わざわざ特定しなくても、友人が誰のことを指してあの人と言っているか、裕子は分かっていた。分かりすぎるくらいに、分かっていた。

あの人。友人がそう呼んだ彼と、裕子は三年近く付き合っていた。三年近く付き合った結果、別れた。
彼を好きでなかったわけではない。枕に顔を沈めたまま、言い訳ではなく思う。いつかの話として彼との間に結婚の話題が出たときだって、ぼんやりとながら幸せな家庭図を思い描くことが出来た。
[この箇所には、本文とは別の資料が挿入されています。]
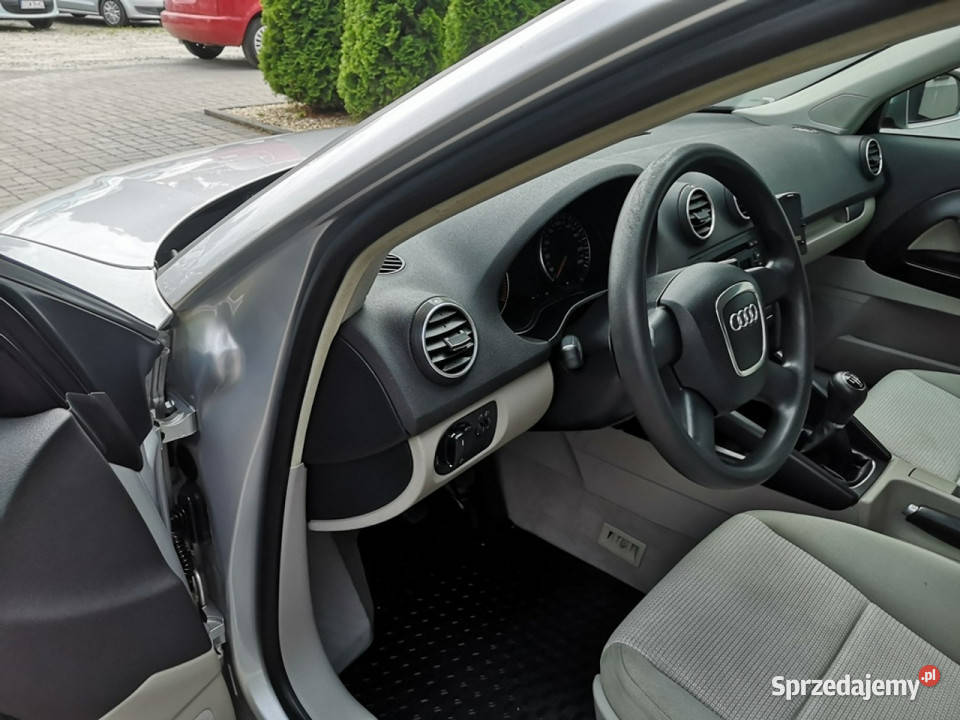 Audi A3 3drzwiowe 19 TDI 105 Klima Elektryka wym srebrny Samochody osobowe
だけど、実際に彼の口からその二文字が出たとき、裕子はどうしても頷くことが出来なかった。その後、少しずつ二人の空気がちぐはぐになっていって、どうしようもないところまできて、別れた。
好きでなかったわけではない。もう一度、裕子は思う。確かに好きだった。彼の仕草や言葉を好ましく思ったし、一緒にいて些細なことで温もりを感じられた。逆に言うと、彼に対して好きしかなかった。それが裕子には怖かった。そして、その気持ちを上手く伝えることが、裕子には出来なかった。

仰向きになって深く息を吐きながら、裕子は目を瞑る。頭痛は相変わらず、一定のリズムで頭を締め付ける。それに倣うように、友人の言葉も、一定のリズムで胸を締め付ける。
言われなくても分かってる。結局すべて、自分の責任なのだ。分かっているから、黙っていてほしい。心が自分だけのものであるならば、選択も後悔も痛みも、自分だけのものであるはずだ。
心配してくれているのだろうことは、裕子にも分かっている。それでも、口を挟まないでなんて反抗期の子供のように、感情がささくれ立ってしまう。
きっと頭痛のせいだ。そう思い込むことにして、痛む頭を覆うように腕をクロスさせた。雨の音は、まだ聞こえない。鎮痛剤を買いに行くなら、今がいい。だけど、頭が痛くて体が重い。
こんなときに甘えさせてくれる誰かがいる人生を、自分は選ばなかった。でも、甘えさせてくれる誰かがいたらいいなと胸の奥でひっそり思う甘えくらい、持っていてもいいだろう。自分の心の中だけのことで、誰の迷惑や邪魔になるわけでもない。
裕子は開き直って、目を開ける。

目だけで見上げた窓の向こうには、灰色を抱え込んで不機嫌そうな空が広がっている。
開き直ったところで変わりなく、頭は一定のリズムでずきずきと鈍く痛む。
きっと今日はもう、鎮痛剤を手に入れることは出来ないだろう。
その結論にさえ開き直って、裕子はもう一度、深々と息を吐いた。


* * * * * * * * * * * * * * * * * *

思いつきで、練習用に、三人称一視点で書いてみた。
オチも何もないぜ。だから何だって話だぜ。思いつきっていうか気分だけで書いたから、そこらへんは容赦してほしいんだぜ。
てか、これ、三人称になっているのかしら。もうよく分かんない。頭ぱあん。



最新の画像もっと見る

7 Comments

コメント日が  古い順  |   新しい順
すごい (naoだよ)
2013-06-02 22:39:51
引き込まれてしまっただよー
やはりあなた、文章がとても上手!!!
続きが読みたいです、裕子のその後が気になりますw
返信する
Unknown (のん)
2013-06-02 23:24:55
ちょっと待って。待って待って待って。
naoってなお? 私の本名やら家族やらを知っているなお? いやん。なにあなた、このブログを何故どこでどうやって知った? 軽くパニったぞ、おい(笑)
文章が上手なんて、最高の優しさをありがとう、友よ。
ちなみに、裕子の話は突発的思い付きなので、今後も何もないんだけど、どうしよう(笑)。
naoは多分ファンタジーとか読まないかなあとも思うけど、もし良かったら、「脳内ヘブン」のほうにも遊びにきてね。のんちゃん、頑張ってるから、今あっちで。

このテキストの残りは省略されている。